(Material shown begins)

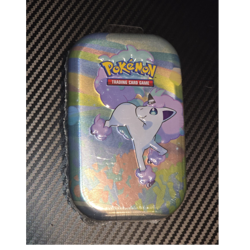 Pokemon Trading Card Game sealed Galar pals Ponyta 2020. - Image 1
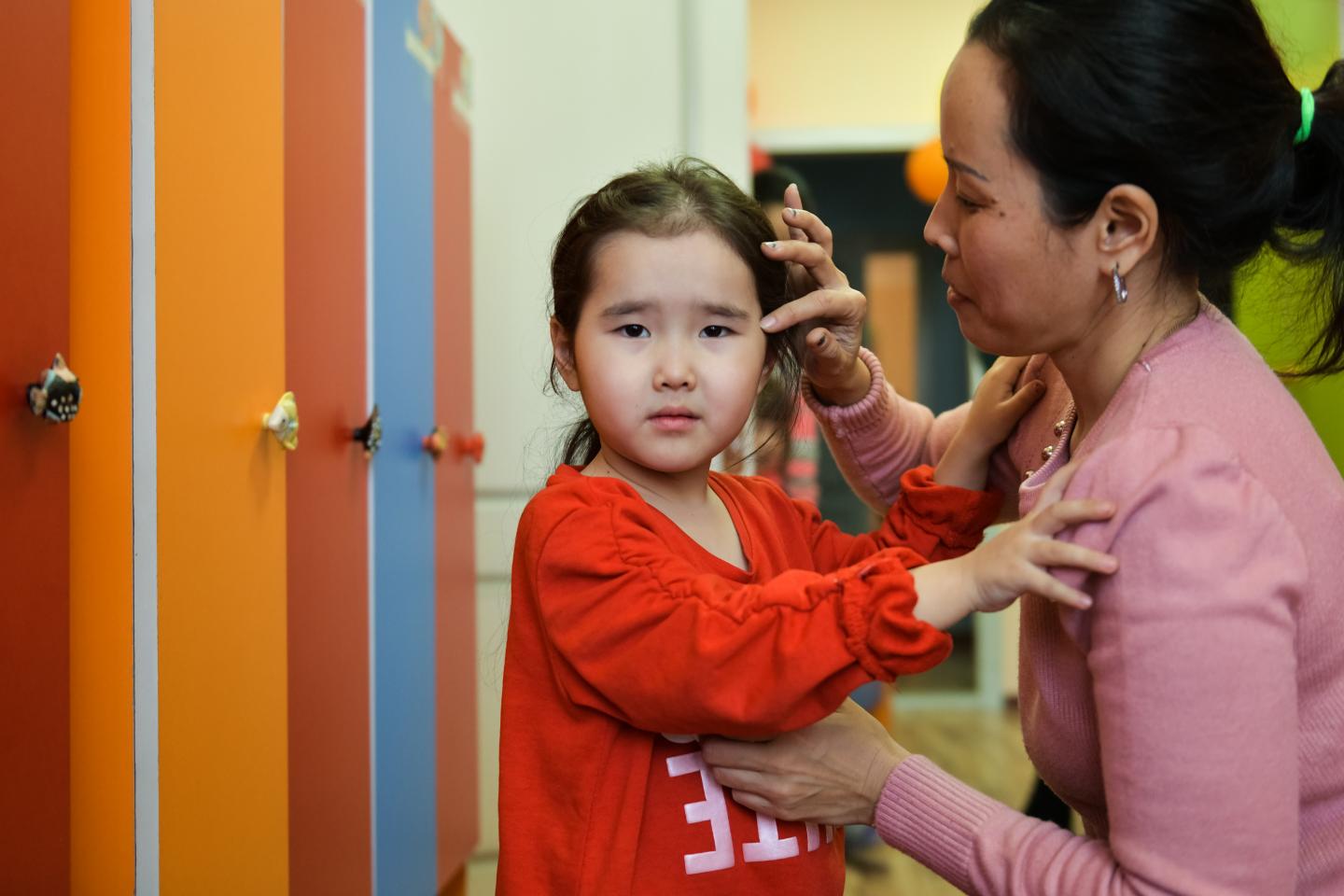 Zorlyq-zombylyq kórsetý kóbeıgen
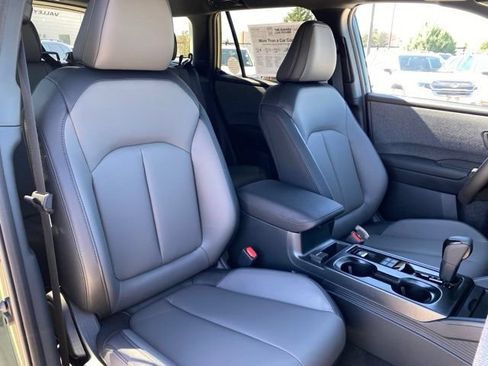 New 2026 Subaru Outback Premium AWD/4WD image 9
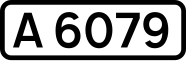 A6079 shield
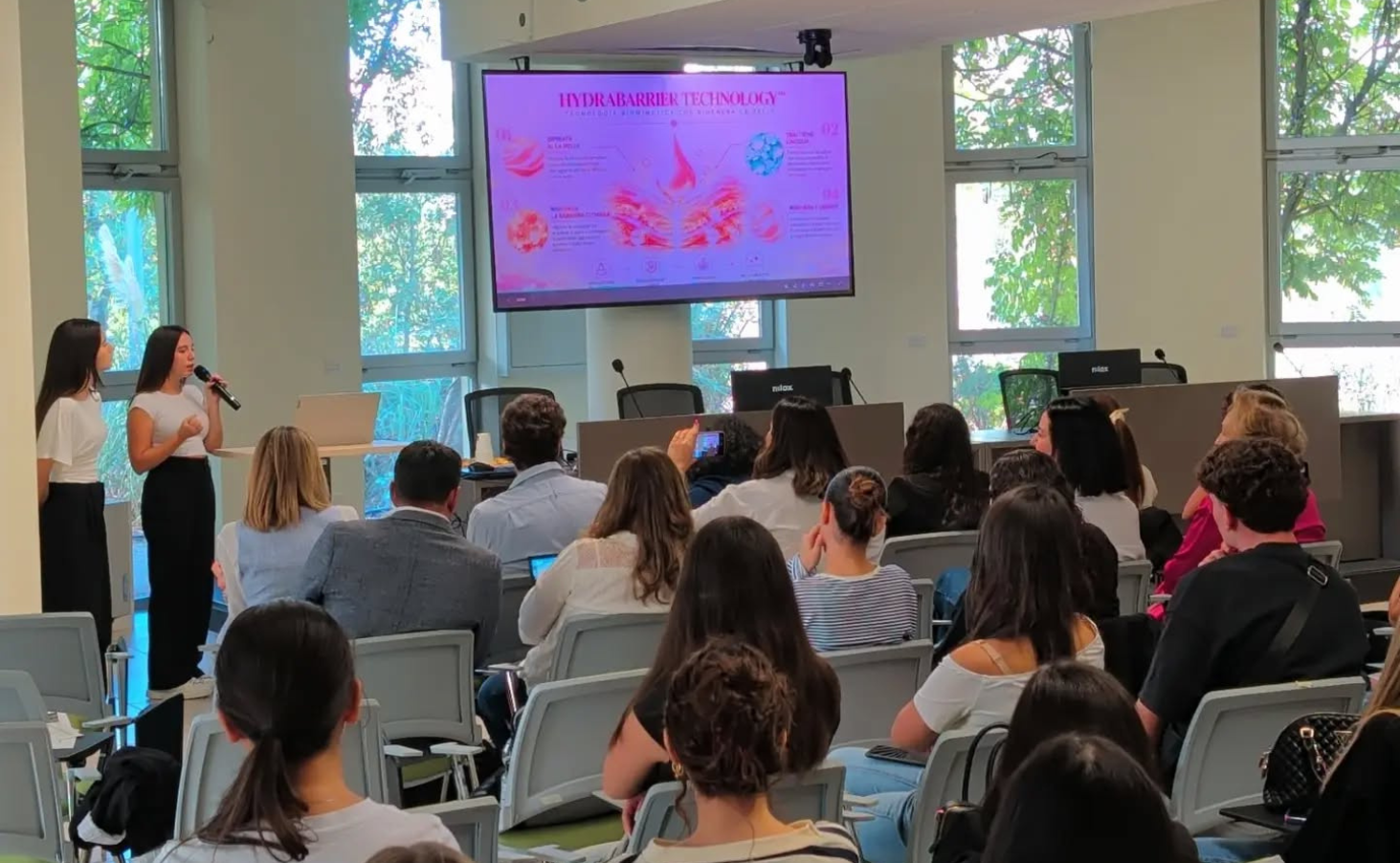 “Road to Startup”, che bella Biotech Week!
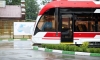 Петербургский "Горэлектротранс" отправит шесть трамваев в Енакиево ДНР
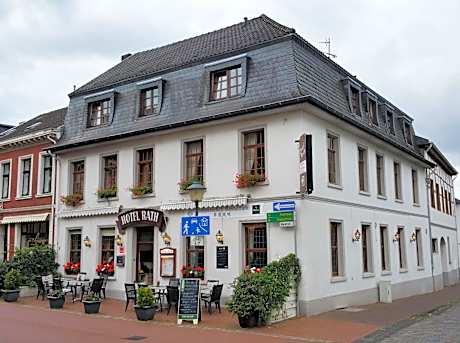 Hotel Rath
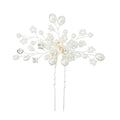 Horse Eye Drill Glass Drill U - Shaped Hairpin Pin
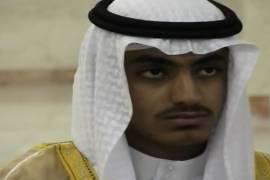 Muere el hijo de Osama bin Laden, según la NBC
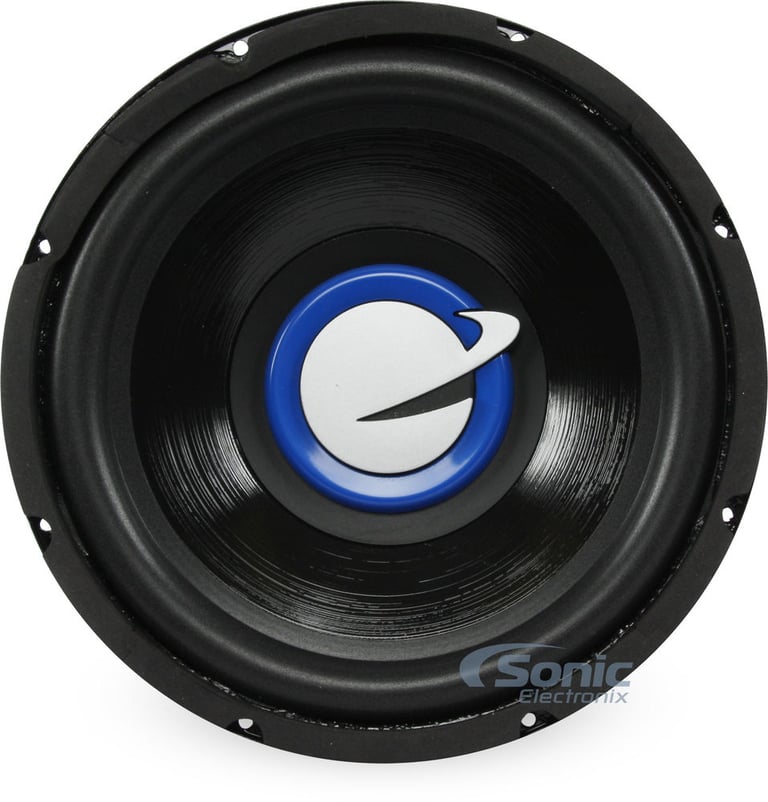 Planet Audio TQ10S Image 2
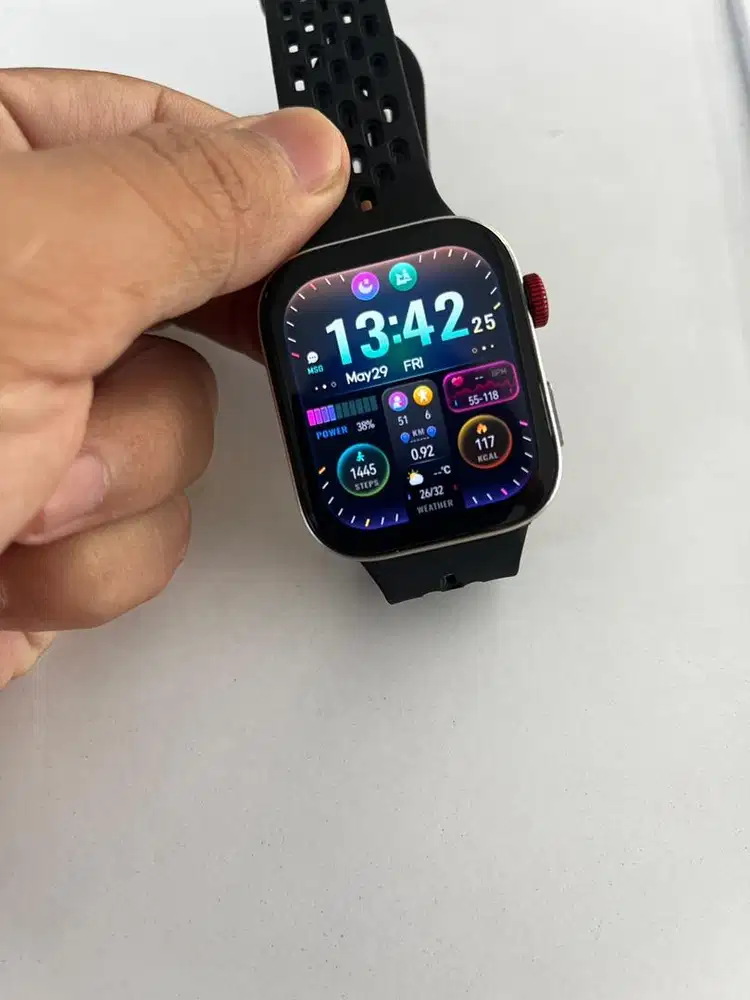 Huawei Watch FIT 3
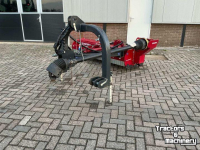 Mähwerk FPM Fpm BM 200 Pro  Verstek Klepelmaaier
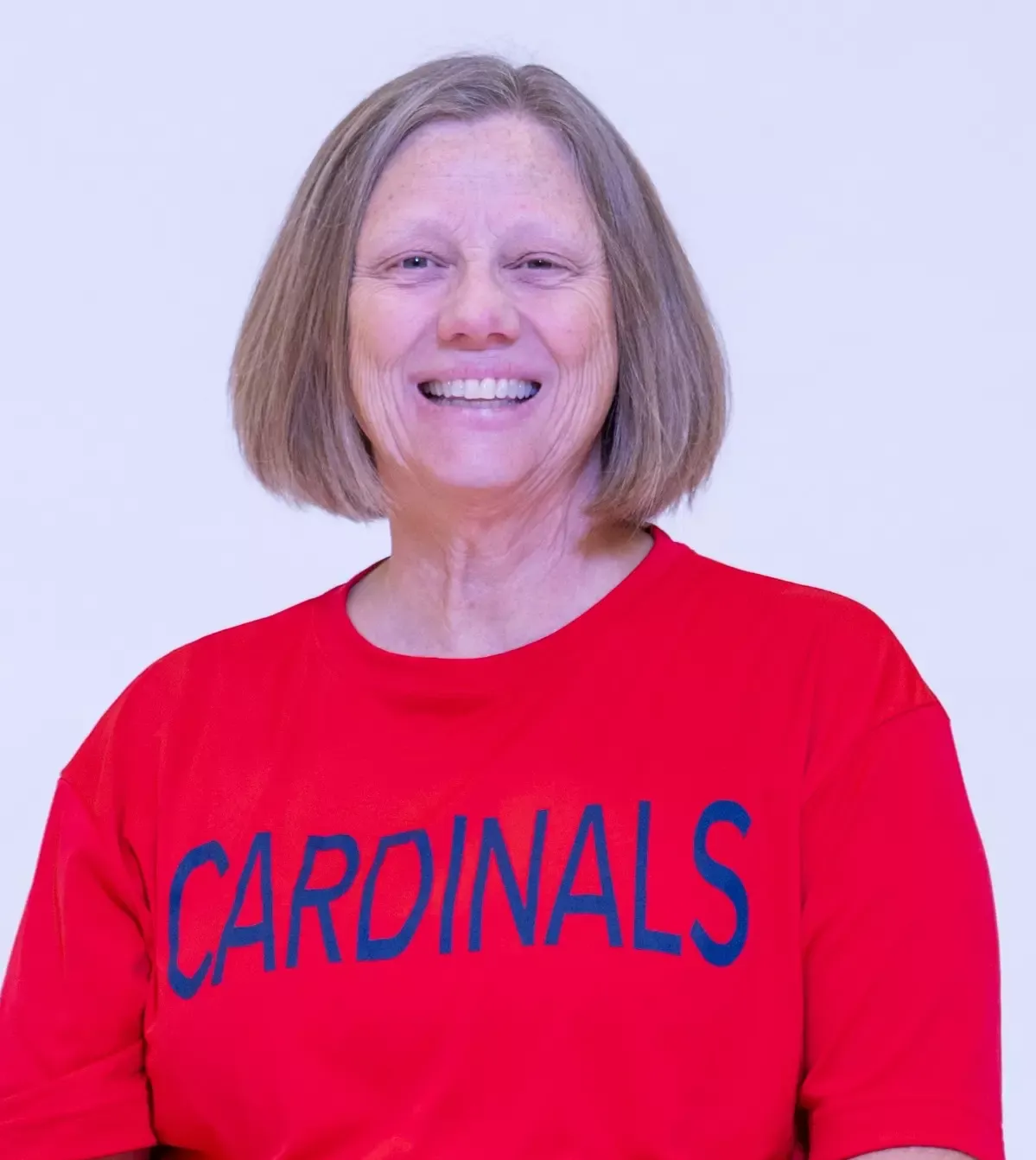 Head Coach Deb Castle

(Material shown ends)

Would you print all the entries again exactly, minus any pictures?

 Pokemon Trading Card Game sealed Galar pals Ponyta 2020. - Image 1
 Zorlyq-zombylyq kórsetý kóbeıgen
 New 2026 Subaru Outback Premium AWD/4WD image 9
 A6079 shield
 “Road to Startup”, che bella Biotech Week!
 Петербургский "Горэлектротранс" отправит шесть трамваев в Енакиево ДНР
 Hotel Rath
 Horse Eye Drill Glass Drill U - Shaped Hairpin Pin
 Muere el hijo de Osama bin Laden, según la NBC
 Planet Audio TQ10S Image 2
 Huawei Watch FIT 3
 Mähwerk FPM Fpm BM 200 Pro  Verstek Klepelmaaier
 Head Coach Deb Castle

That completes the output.